Dataset excerpts:
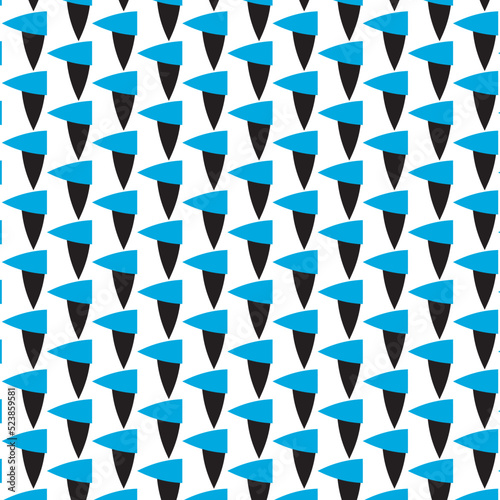repeating triangle pattern. Geometric pattern. Black and blue triangle Abstract background pattern design. 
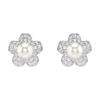 Ariana Grande Exquisite Floral Design Crystal Earrings Women Earrings White 5756098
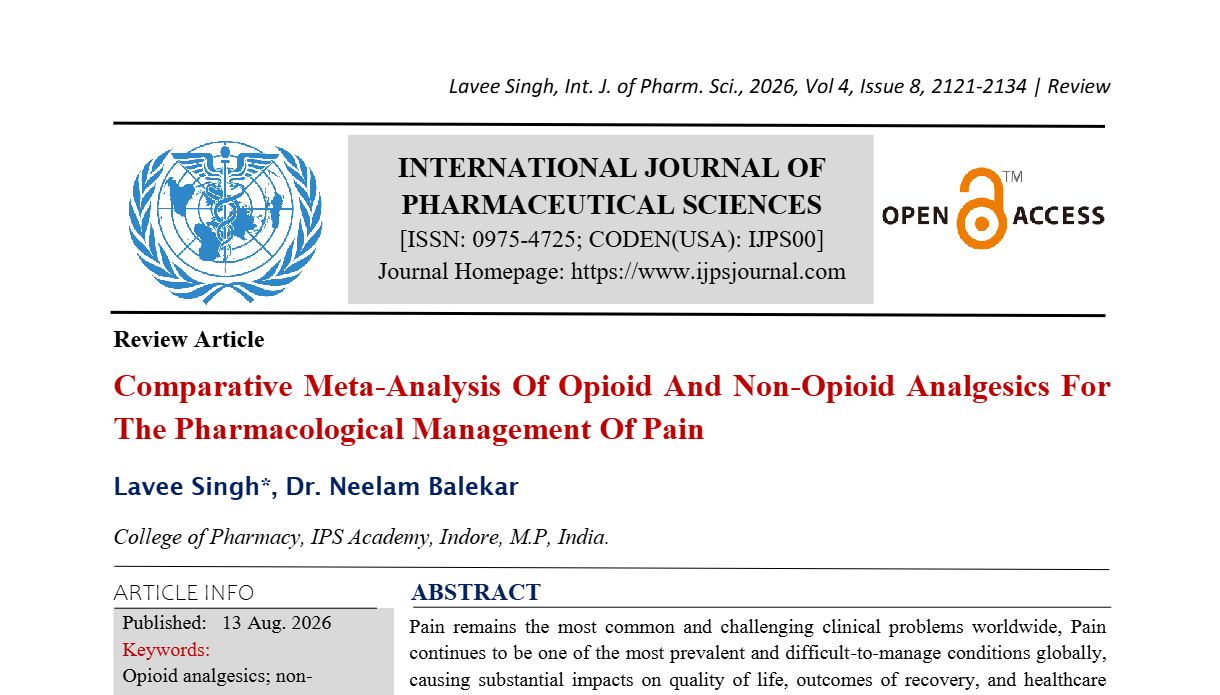 Comparative Meta-Analysis of Opioid and Non-Opioid Analgesics  for the Pharmacological Management of Pain 
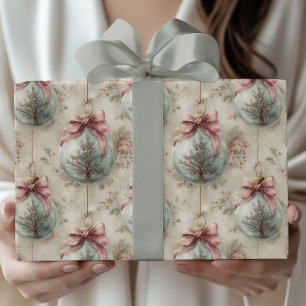Papier Cadeau Boule de Noël victorienne vintage avec nœud rose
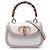 Borsa a manico Gucci White Small Calfskin Stitched Bamboo 1947 Bianco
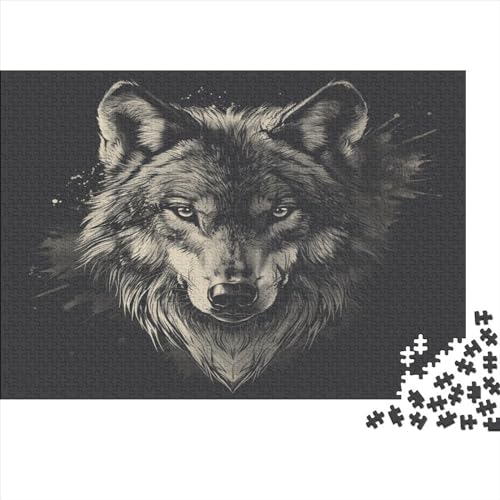 Wolf 1000 Stück Puzzles Für Erwachsene Teenager Stress Abbauen Familien-Puzzlespiel 1000-teiliges Puzzle Kinder Lernspiel Spielzeug Geschenk Puzzel 1000pcs (75x50cm) von BSTELA9IE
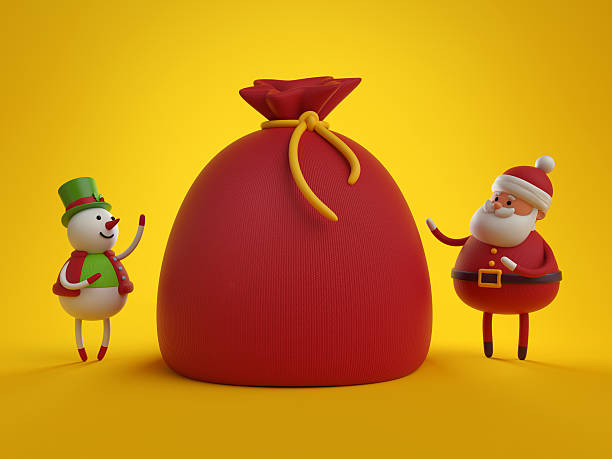 istock 3d render, digital illustration, snowman and santa claus, 611297156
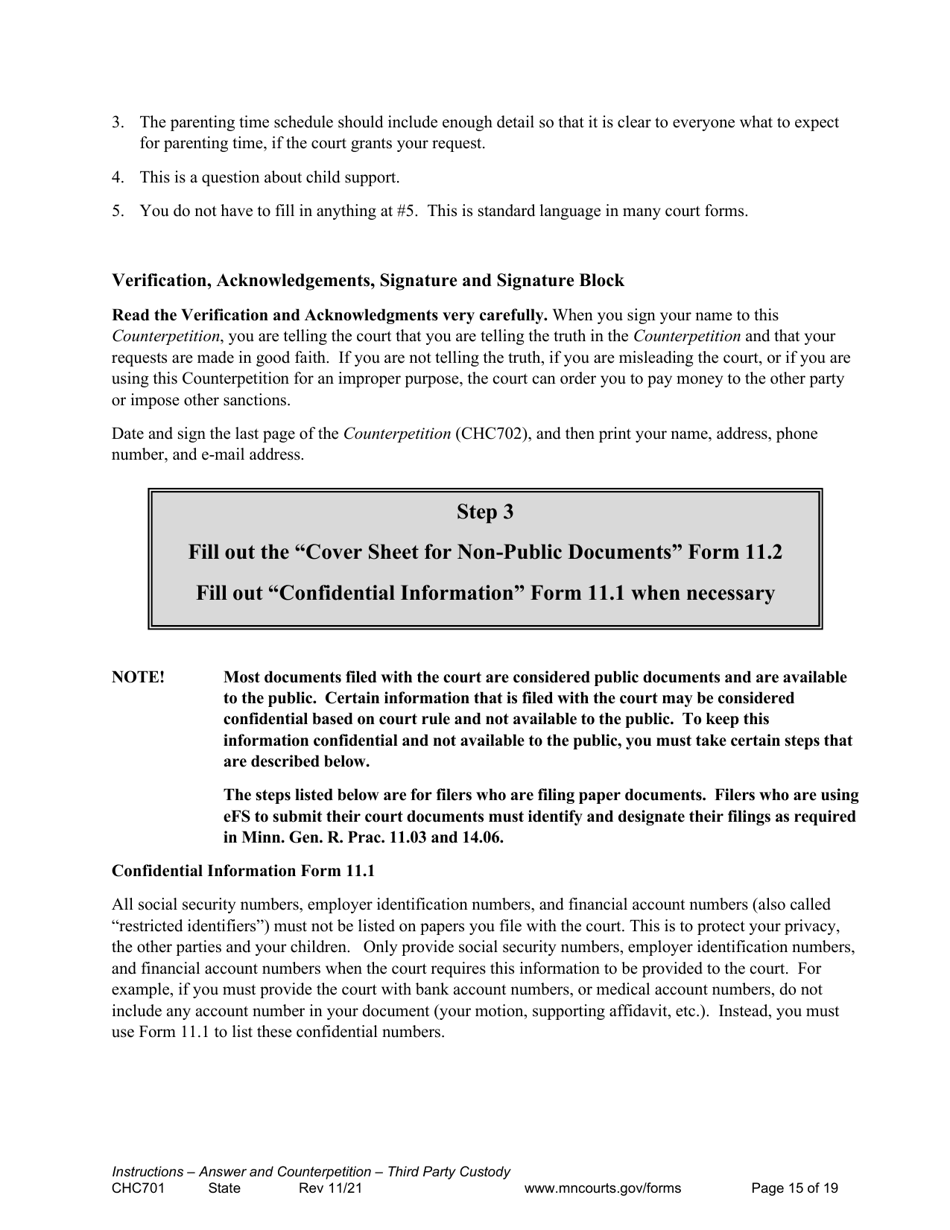 Form CHC701 Instructions - Answer to Petition to Establish Third Party Custody of a Child and Counterpetition for Custody - Minnesota, Page 15
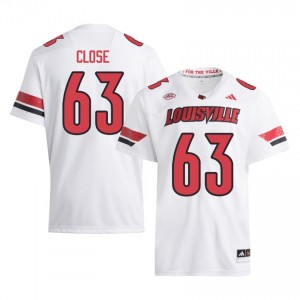 Bryten Close #63 UL Cardinals Jersey | Iconic White College Football Men Stitched 30186727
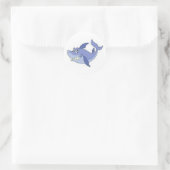 Rond Sticker pour requin caricature (Sac)
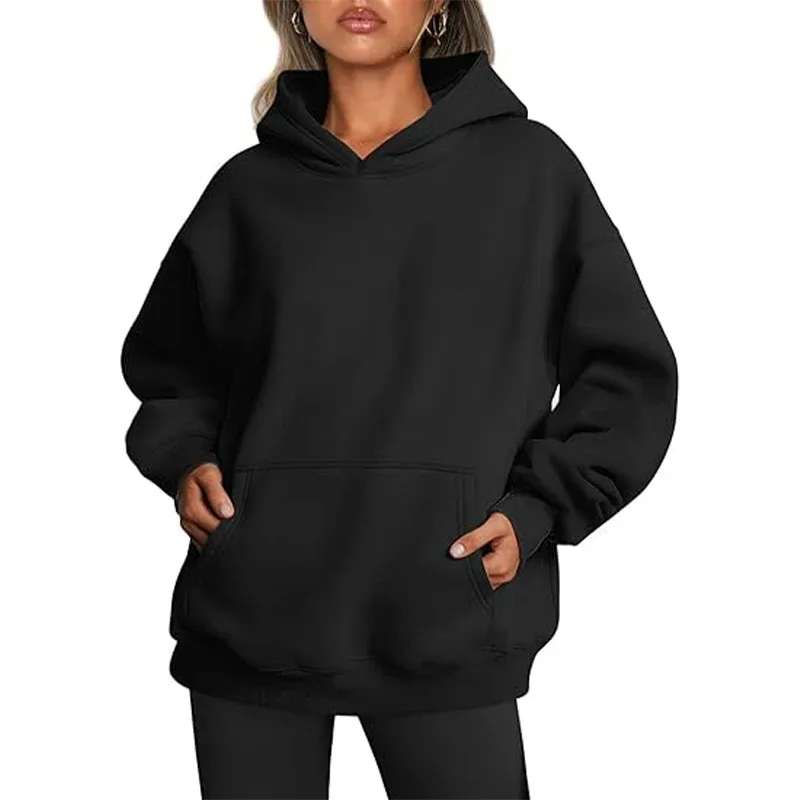 Reka bentuk DIY Oversize Hoodies Fesyen Wanita Disesuaikan Cetak Longgar Lengan Panjang Bahu Drop Cuff Sweathsirts Pullovers Sudadera
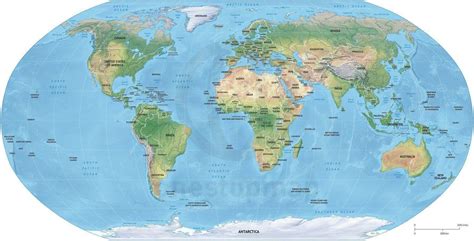 Vector Map World Relief Robinson Europe | One Stop Map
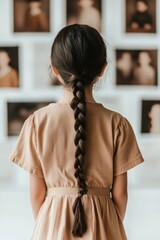 young girl with long braided hair looking at blurred art gallery wall
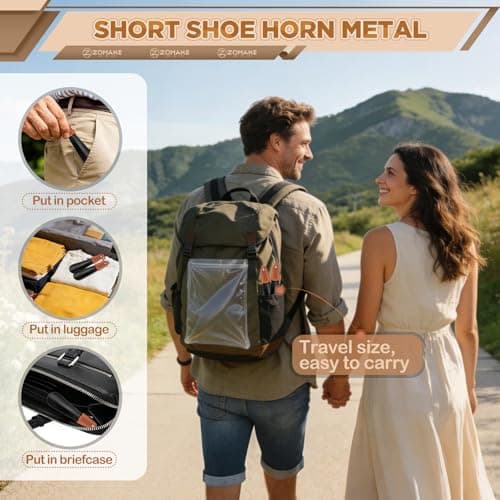 ZOMAKE Metal Shoe Horn, Small Shoehorn for Men Women Kids (1pc 19cm) — view 3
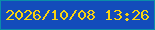 文字の大きさ：4、枠の色：0a8da9、背景の色：134cbb、文字の色：fad30f 無料ブログパーツのブログ時計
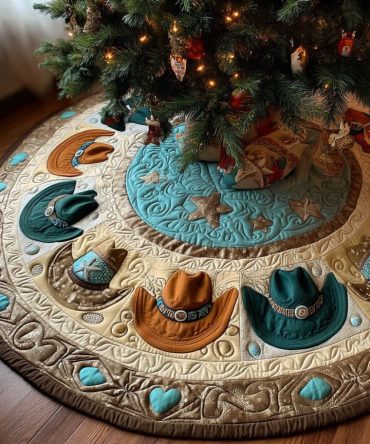 Country Rodeo Quilted Christmas Tree Skirt — Western-Themed Holiday Tree Mat With Rustic Rodeo Art, Quilted Comfort, Durable & Machine-Friendly Decor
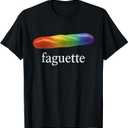 Cute Funny Baguette Rainbow Faguette LGBT Pride Month T-Shirt (Small, Black)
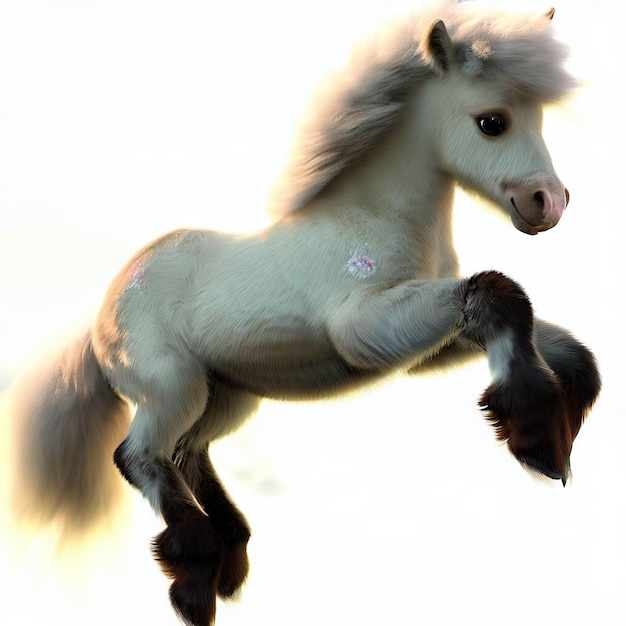 Un poney blanc avec un autocollant qui dit "je suis une licorne"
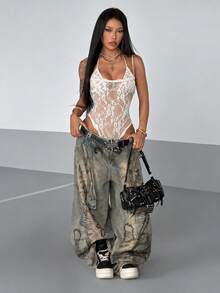 StreetHx Streetwear Summer Women's Lace Sheer Bodysuit - White - View 3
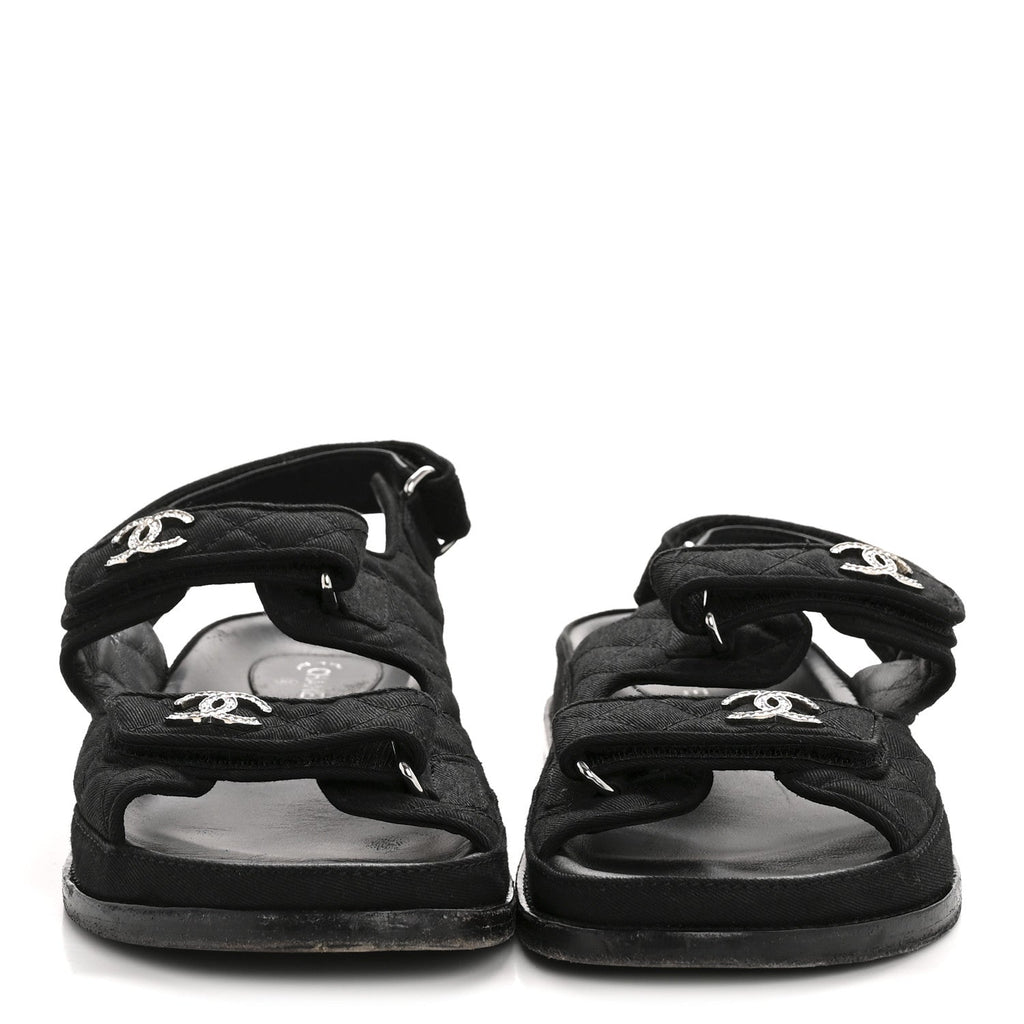 Mixed Fibers Velcro Dad Sandals 39 Black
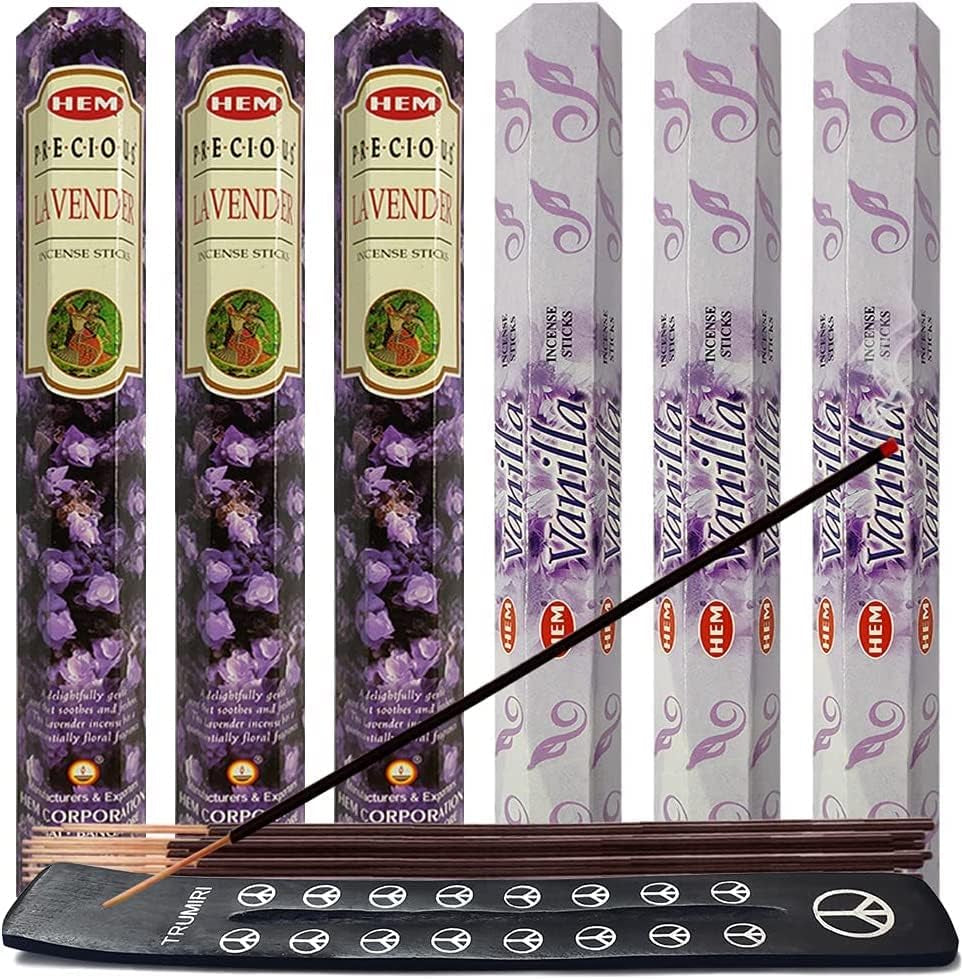 Frankincense Incense Sticks and Myrrh Incense Sticks with Incense Holder Bundle for Spiritual Décor and Home Fragrance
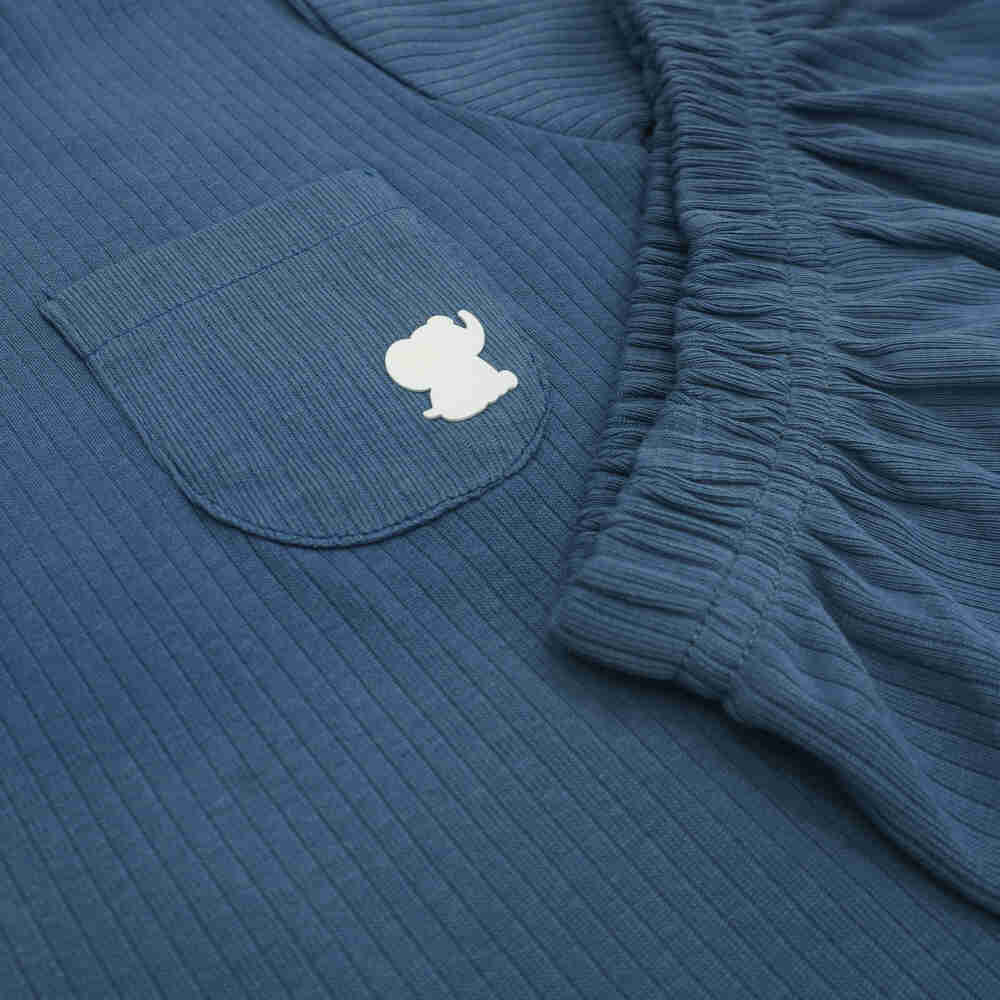 Babies Basic Ribbed Cotton Short Sleeves T-shirt and Plain Shorts Set 12-18 Months Blue M723-TO-BLU-12-18-2PC - Image 2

What the task requires: Each line from the start of the entries to the line holding "Borsa a manico" is to be given again exactly, both ends included, and each picture is to be left out.

Answer box:
repeating triangle pattern. Geometric pattern. Black and blue triangle Abstract background pattern design. 
 Ariana Grande Exquisite Floral Design Crystal Earrings Women Earrings White 5756098
 Comparative Meta-Analysis of Opioid and Non-Opioid Analgesics  for the Pharmacological Management of Pain 
Papier Cadeau Boule de Noël victorienne vintage avec nœud rose
 Borsa a manico Gucci White Small Calfskin Stitched Bamboo 1947 Bianco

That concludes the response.